Figure 6, needs a bit of polishing, especially the axis name, the RMS or RRMS of the data/model and I would add tree picture symbolizing tree position, it will help the reader. I would also suggest to not cut the negative percentage difference, it will help assessing the quality of the data and inversion.

Figure 8-A : change the ylabel, with unity. Add vertical arrows for the other infiltration 

Figure 8-B : change ylabel with squared exponent. Why Rn is negative ?

Figure 9 : add a colorbar, even if it is conceptual.

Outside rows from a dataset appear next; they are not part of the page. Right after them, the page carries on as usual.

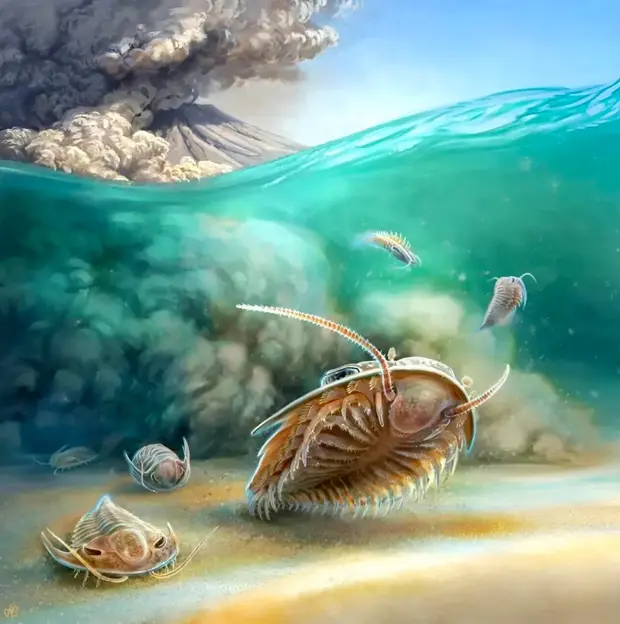 Los fósiles tridimensionales de trilobites encontrados en el Alto Atlas de Marruecos se consideran los mejor conservados jamás descubiertos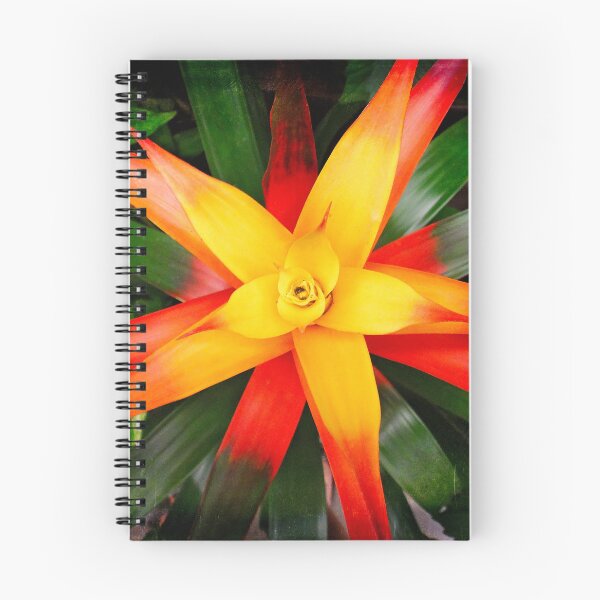 Item preview, Yellow star designed and sold by Maxiverse.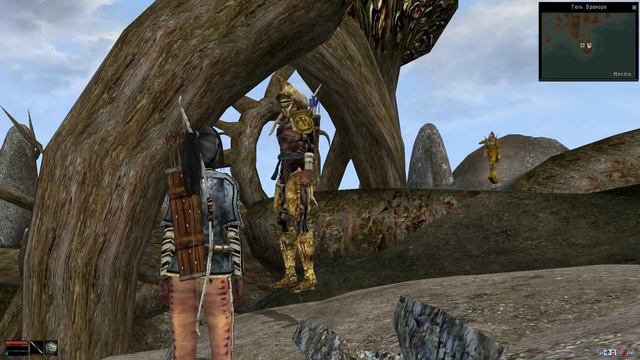 ПРОХОЖДЕНИЕ MORROWIND. Серия 7 - Где искать ТРАВУ? смотреть онлайн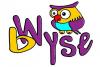 Photo for bWyse Internet Marketing & Social Media Consulting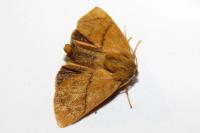 Apoda limacodes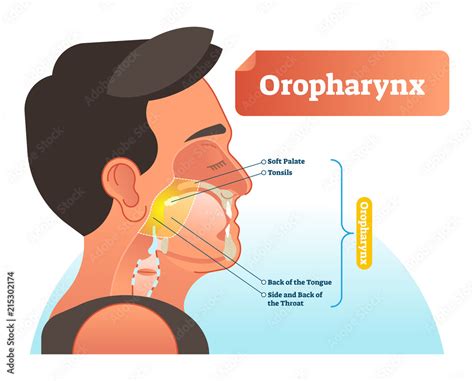 Oropharynx Vector Illustration Anatomical Labeled Scheme With Human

Figure 10 - A : replace the position of the sensors VWC3-VZC4

I found this work on the use of the frequency domain electromagnetic (FDEM) method and the electrical resistivity tomography (ERT) method in precision agriculture very interesting and engaging. I know that the FDEM method has been used in agricultural management for a long time, and is one of the most important geophysical techniques in the field of agrogeophysics. However, despite the existence of many similar studies, this work is interesting and relevant because it examines the usefulness of two FDEM devices in an orange tree study plot in conjunction with the ERT technique to derive a 3D resistivity model. This model helps to implement a numerical hydrological model that reproduces key aspects associated with volumetric water content (VWC), the position of the trees and the effects of the dripping system and root water uptake (RWU), among others. Apart from the fact that the authors implemented open-source codes to accomplish the geophysical data inversion, which I consider appropriate for potential practitioners involved in this field of study. The work is clearly described and structured, and is well supported by figures that guarantee the reproducibility of the methodology in similar environments. In my opinion, scientists concerned with precision agriculture or water management in agriculture will be pleased to read this interesting work, which deserves to be published.

I only suggest to replace Frequency-Domain ElectroMagnetic induction (FDEM) by Frequency-Domain Electromagnetic (FDEM), the term commonly accepted.